* _EXERCISE DETAILS_
In the listing below, start your output at the line with "DEWUR Coperta da" and end it after the line with "Kable Kontrol Atlas", copying every line exactly.

------------------------------

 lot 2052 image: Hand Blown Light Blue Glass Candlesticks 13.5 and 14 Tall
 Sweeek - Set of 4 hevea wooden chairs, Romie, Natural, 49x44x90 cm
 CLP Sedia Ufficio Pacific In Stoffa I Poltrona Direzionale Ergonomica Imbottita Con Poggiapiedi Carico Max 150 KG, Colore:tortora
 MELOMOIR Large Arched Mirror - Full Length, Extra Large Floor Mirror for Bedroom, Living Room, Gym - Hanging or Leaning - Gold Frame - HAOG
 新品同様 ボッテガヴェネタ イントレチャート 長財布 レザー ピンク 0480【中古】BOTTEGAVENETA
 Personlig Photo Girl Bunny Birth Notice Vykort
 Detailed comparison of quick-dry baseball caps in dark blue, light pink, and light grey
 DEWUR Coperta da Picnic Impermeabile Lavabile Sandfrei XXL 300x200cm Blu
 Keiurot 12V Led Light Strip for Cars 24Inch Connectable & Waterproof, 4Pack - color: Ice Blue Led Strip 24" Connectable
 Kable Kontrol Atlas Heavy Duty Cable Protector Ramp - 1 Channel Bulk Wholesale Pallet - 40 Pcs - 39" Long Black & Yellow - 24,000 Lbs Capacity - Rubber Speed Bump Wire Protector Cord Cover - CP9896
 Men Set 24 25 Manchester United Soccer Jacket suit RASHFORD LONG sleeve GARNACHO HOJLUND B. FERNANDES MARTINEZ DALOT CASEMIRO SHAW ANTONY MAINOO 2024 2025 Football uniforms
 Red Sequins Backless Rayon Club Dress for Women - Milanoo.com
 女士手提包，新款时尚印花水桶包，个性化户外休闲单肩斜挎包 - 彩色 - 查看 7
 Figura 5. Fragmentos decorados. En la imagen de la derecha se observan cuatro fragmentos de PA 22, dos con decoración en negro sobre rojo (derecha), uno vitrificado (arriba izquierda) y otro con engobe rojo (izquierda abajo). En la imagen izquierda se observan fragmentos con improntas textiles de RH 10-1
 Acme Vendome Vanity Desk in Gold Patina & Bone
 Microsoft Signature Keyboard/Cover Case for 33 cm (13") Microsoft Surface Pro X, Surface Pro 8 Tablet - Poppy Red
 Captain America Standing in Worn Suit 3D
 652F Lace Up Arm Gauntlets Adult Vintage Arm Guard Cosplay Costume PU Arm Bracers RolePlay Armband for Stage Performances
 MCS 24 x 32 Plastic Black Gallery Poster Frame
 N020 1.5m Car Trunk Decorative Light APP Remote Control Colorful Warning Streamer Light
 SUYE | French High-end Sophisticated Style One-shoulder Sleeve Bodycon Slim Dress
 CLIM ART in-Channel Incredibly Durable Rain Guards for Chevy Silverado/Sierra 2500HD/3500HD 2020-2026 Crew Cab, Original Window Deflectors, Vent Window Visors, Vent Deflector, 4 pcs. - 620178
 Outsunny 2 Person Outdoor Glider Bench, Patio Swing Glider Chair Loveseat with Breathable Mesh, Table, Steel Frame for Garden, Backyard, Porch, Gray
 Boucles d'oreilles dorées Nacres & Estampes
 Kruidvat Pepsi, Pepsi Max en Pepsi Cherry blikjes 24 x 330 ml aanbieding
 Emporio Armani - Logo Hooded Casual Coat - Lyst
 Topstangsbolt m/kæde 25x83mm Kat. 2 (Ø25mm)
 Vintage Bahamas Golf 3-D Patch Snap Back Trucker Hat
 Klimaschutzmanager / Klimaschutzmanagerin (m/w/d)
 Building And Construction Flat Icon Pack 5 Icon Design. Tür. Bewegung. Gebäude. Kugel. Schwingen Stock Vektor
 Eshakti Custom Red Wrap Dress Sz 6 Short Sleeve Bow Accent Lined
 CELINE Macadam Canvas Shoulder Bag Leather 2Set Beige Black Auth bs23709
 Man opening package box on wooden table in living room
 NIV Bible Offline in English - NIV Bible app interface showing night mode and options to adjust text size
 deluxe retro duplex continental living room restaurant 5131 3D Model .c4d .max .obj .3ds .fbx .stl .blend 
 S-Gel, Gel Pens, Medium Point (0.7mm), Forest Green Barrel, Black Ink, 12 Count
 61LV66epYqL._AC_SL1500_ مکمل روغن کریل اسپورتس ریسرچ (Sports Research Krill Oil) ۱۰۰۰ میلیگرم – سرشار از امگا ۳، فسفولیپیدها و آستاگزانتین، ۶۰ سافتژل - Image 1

------------------------------

* _WORKED SOLUTION_
 DEWUR Coperta da Picnic Impermeabile Lavabile Sandfrei XXL 300x200cm Blu
 Keiurot 12V Led Light Strip for Cars 24Inch Connectable & Waterproof, 4Pack - color: Ice Blue Led Strip 24" Connectable
 Kable Kontrol Atlas Heavy Duty Cable Protector Ramp - 1 Channel Bulk Wholesale Pallet - 40 Pcs - 39" Long Black & Yellow - 24,000 Lbs Capacity - Rubber Speed Bump Wire Protector Cord Cover - CP9896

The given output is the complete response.